COLOMBO (News 1st): The National Medicines Regulatory Authority (NMRA) has announced that an investigation has commenced to determine the quality of the drug Ondansetron, following reports of adverse complications.

Dr. Ananda Wijewickrama, Chairman of the NMRA, says that laboratory tests are currently being conducted at the Medical Research Institute in Borella and within the NMRA’s own laboratories.

Additionally, the pharmaceutical company responsible for importing the drug has requested that samples also be tested at a laboratory overseas.

Meanwhile, the Ministry of Health has suspended the use of all types of injections produced by the Indian company that manufactured the Ondansetron batch in question.

The Director General of Health Services, Dr.
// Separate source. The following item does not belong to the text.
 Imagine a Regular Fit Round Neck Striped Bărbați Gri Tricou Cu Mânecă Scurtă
Asela Gunawardena, noted that it has not yet been definitively confirmed whether recent deaths were caused by these injections. 

Ondansetron is a medication commonly administered to patients suffering from nausea and vomiting.

Complications were reported among patients at the Kandy National Hospital after receiving the injection December 12.

Subsequent testing of the vaccine samples of patient's blood samples also confirmed the presence of microorganisms.

Accordingly, Use of the specific controversial batch of Ondansetron was immediately suspended.

An inquiry has also been launched to determine if there is a link between the injection and the deaths of two patients at the National Institute of Infectious Diseases (IDH), who had also been administered the drug.